● **WHAT IS EXPECTED**: Pictures do not belong in your copy. Repeat all the other data exactly.

====== DATASET EXTRACT

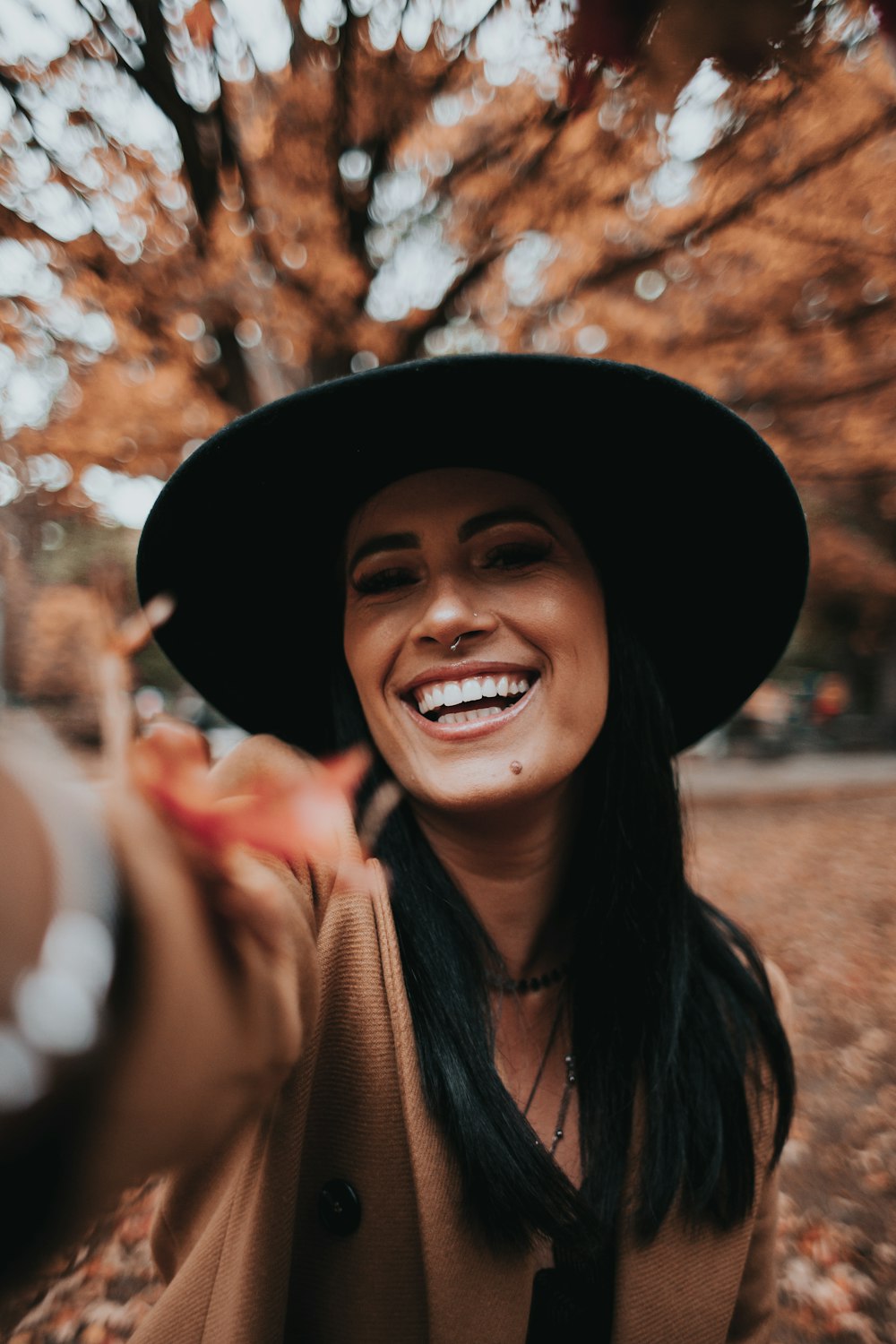 mulher sorridente vestindo chapéu preto e lenço marrom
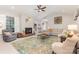 Inviting living room with vaulted ceiling, a brick fireplace, and a large, colorful rug at 214 Silver Creek Ln, Shelby, NC 28152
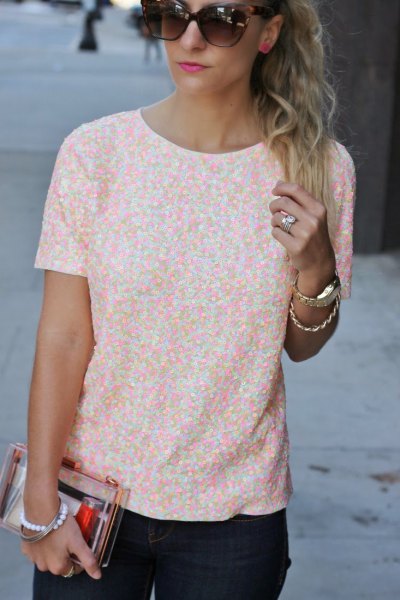 Short-sleeved blouse with a white and peach-colored pattern and black skinny jeans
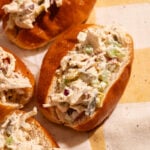 Chicken salad sandwiches on soft buns, filled with a creamy mixture of chicken, celery, and red onion, are arranged on a yellow-and-white checkered cloth.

============

● **RESPONSE BELOW**:
 mulher sorridente vestindo chapéu preto e lenço marrom
 Inviting living room with vaulted ceiling, a brick fireplace, and a large, colorful rug at 214 Silver Creek Ln, Shelby, NC 28152
 Short-sleeved blouse with a white and peach-colored pattern and black skinny jeans
 Chicken salad sandwiches on soft buns, filled with a creamy mixture of chicken, celery, and red onion, are arranged on a yellow-and-white checkered cloth.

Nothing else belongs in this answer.